= Task description =
For the records that follow, please set down exactly the lines between the one holding "Bilocale arredato Chiaia" and the one holding "123 Valley Oaks Drive Advance, NC 27006", inclusive, and only those.

= Exercise data =
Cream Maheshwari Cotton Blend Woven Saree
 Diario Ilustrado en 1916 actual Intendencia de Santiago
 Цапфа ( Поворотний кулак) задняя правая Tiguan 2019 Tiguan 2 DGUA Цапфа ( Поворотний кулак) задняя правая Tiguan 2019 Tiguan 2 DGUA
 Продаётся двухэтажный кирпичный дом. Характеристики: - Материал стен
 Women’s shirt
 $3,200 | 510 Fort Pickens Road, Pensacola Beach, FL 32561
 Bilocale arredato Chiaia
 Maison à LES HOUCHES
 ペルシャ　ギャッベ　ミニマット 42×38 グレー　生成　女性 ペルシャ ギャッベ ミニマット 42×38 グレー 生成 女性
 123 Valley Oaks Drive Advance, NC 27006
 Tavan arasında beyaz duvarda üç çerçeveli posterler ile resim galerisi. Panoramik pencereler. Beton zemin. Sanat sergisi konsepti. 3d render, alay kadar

= Response to this task =
 Bilocale arredato Chiaia
 Maison à LES HOUCHES
 ペルシャ　ギャッベ　ミニマット 42×38 グレー　生成　女性 ペルシャ ギャッベ ミニマット 42×38 グレー 生成 女性
 123 Valley Oaks Drive Advance, NC 27006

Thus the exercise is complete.